I TOOK AN UBER HOME. On the ride, my thoughts drifted to Elaine Paulson and her daughters at the funeral the day before, to Tina saying, We know absolutely that Mom did not do this. I don’t care what the report said about that old gun and the bullets. And Rachel saying, Mom never shot that gun but once or twice. And it scared her.

I didn’t have to reread the ballistics report to know for certain that the gun that killed Kay and Christopher was the same gun I took from Elaine Paulson. Sometimes you hear about lab tests being contaminated. But comparing the grooves in a gun barrel with the markings made on a bullet fired through it is an exact science. There’s no mistaking it.

Still, could someone lost in a fit of jealousy who had fired the gun only a few times and was supposedly scared of guns have displayed the kind of cold-blooded marksmanship shown in the tight grouping of the bullet wounds? Unless Paulson had secretly trained herself to shoot, I couldn’t see it.

I supposed it was possible that she had not had the gun the night of the killing and that the real shooter had used it and then brought it back to her house, but that was so unlikely, I set it aside. I got out of the Uber and thanked the driver.

It was after ten a.m. when I walked into the kitchen and found Nana Mama having coffee with John Sampson. He was dressed in jeans and a dark polo shirt with his service weapon in a shoulder holster. His badge was visible on his left hip. His jacket hung on the back of his chair.

“What are you doing here, John?

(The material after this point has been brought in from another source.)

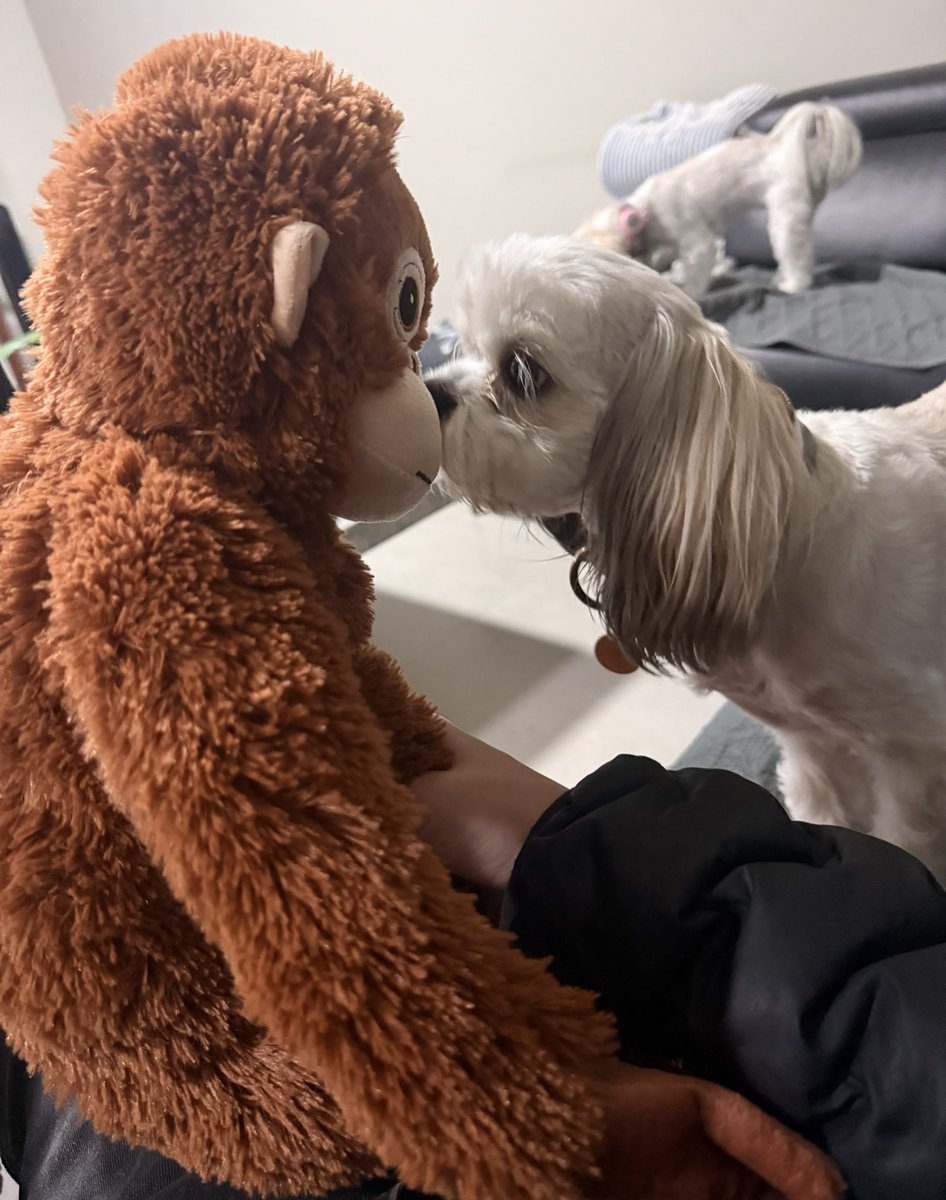 ceciibing's tweet photo. 🥹🐒 https://t.co/G4j4ejTV1x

Where’s Willow?”

“With her brother and sister,” he said. “They decided to take Ned up on his offer and bring her out to his place on the Delaware shore.”

“Great spot,” I said. “Don’t you think you should be with them?”

“At the moment? No. At the moment, I need to work.”

“I think you should be with your family. Billie’s funeral was yesterday, John.”

“Alex, I’ll join them in a day or two, but right now I need to work. Okay?”

There was such desperation in his eyes. I glanced at Nana Mama, who nodded sadly. Sampson was looking for a case to get lost in so he could forget his grief, and I realized it was more merciful to let him.

“I have to cancel a few appointments, but I agree, let’s go to work, John.”